[Records drawn from a dataset]
---*---

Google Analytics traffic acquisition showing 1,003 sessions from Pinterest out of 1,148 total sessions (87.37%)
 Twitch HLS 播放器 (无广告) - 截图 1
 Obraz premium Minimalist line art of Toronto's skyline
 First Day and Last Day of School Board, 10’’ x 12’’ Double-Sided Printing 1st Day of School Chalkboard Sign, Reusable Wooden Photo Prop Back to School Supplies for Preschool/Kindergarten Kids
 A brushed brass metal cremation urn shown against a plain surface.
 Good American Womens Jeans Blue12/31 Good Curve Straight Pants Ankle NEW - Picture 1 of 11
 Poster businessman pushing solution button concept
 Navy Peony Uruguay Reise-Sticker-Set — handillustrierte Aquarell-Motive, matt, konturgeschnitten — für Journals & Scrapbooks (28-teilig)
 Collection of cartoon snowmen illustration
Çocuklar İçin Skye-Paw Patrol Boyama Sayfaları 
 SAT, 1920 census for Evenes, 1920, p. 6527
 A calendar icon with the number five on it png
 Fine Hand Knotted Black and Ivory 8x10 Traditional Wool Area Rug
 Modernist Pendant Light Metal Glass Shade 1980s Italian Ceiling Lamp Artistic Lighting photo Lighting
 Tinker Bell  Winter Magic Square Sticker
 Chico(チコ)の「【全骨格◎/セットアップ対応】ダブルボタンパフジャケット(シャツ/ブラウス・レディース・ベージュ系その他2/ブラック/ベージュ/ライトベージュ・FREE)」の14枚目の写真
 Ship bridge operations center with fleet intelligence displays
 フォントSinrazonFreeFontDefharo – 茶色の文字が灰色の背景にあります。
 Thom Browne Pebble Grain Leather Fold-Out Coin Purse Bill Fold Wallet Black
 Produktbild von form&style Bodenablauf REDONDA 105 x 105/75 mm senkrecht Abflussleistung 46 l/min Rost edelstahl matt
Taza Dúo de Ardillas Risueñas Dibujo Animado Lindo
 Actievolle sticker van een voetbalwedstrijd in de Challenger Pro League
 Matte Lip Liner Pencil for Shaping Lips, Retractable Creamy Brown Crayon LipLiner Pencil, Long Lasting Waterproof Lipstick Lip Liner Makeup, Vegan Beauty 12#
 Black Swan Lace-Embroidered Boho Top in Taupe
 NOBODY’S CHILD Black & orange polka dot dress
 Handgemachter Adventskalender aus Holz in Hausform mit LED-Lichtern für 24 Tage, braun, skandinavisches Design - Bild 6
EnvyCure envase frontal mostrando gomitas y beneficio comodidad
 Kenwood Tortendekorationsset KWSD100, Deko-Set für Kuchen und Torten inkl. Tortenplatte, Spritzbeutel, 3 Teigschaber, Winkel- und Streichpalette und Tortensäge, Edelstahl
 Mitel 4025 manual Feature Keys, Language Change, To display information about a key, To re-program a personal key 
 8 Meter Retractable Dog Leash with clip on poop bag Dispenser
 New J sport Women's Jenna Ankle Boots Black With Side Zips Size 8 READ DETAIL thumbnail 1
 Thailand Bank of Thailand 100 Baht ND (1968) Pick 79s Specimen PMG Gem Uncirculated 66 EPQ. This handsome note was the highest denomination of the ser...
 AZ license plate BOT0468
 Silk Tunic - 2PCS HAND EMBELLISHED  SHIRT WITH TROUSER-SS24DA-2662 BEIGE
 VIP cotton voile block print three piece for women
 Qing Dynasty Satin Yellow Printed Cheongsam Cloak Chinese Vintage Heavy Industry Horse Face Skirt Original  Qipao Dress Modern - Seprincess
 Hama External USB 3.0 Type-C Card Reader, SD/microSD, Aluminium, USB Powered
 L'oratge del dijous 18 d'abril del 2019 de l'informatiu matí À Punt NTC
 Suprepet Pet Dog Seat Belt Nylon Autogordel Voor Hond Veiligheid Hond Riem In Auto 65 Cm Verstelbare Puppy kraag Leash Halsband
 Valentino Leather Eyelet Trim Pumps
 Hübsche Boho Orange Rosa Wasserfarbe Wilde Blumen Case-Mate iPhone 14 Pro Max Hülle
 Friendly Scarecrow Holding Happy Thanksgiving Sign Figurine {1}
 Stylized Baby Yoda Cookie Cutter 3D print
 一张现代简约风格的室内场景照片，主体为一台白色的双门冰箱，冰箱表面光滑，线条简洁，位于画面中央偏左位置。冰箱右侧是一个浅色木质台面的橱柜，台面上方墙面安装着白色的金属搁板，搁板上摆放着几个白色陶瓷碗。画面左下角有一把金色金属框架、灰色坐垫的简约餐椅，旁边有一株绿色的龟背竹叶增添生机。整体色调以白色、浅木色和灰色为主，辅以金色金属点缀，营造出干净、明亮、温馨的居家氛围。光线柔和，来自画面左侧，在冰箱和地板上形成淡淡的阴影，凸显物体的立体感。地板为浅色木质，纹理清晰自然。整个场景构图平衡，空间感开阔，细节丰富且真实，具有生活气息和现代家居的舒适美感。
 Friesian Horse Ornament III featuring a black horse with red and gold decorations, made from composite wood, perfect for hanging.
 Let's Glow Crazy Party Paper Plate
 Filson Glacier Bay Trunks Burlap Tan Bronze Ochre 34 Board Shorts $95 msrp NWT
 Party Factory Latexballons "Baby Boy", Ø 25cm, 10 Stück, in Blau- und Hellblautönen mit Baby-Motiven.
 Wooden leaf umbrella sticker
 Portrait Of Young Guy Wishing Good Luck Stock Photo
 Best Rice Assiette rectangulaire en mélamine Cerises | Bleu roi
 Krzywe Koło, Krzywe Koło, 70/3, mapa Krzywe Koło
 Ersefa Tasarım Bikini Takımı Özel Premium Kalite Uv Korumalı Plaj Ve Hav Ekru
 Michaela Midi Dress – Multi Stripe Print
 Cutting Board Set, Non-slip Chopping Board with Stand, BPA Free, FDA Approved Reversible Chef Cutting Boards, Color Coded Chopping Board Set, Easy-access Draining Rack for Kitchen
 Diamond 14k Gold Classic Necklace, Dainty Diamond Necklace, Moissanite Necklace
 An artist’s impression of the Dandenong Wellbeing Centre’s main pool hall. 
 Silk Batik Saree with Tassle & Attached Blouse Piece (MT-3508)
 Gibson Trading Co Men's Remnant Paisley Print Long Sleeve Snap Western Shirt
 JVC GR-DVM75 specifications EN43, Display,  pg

---*---

Aim of the exercise
The reply should consist solely of the lines above from the one that has "Mitel 4025 manual" through the one that has "Suprepet Pet Dog", reproduced exactly.

Solved exercise
 Mitel 4025 manual Feature Keys, Language Change, To display information about a key, To re-program a personal key 
 8 Meter Retractable Dog Leash with clip on poop bag Dispenser
 New J sport Women's Jenna Ankle Boots Black With Side Zips Size 8 READ DETAIL thumbnail 1
 Thailand Bank of Thailand 100 Baht ND (1968) Pick 79s Specimen PMG Gem Uncirculated 66 EPQ. This handsome note was the highest denomination of the ser...
 AZ license plate BOT0468
 Silk Tunic - 2PCS HAND EMBELLISHED  SHIRT WITH TROUSER-SS24DA-2662 BEIGE
 VIP cotton voile block print three piece for women
 Qing Dynasty Satin Yellow Printed Cheongsam Cloak Chinese Vintage Heavy Industry Horse Face Skirt Original  Qipao Dress Modern - Seprincess
 Hama External USB 3.0 Type-C Card Reader, SD/microSD, Aluminium, USB Powered
 L'oratge del dijous 18 d'abril del 2019 de l'informatiu matí À Punt NTC
 Suprepet Pet Dog Seat Belt Nylon Autogordel Voor Hond Veiligheid Hond Riem In Auto 65 Cm Verstelbare Puppy kraag Leash Halsband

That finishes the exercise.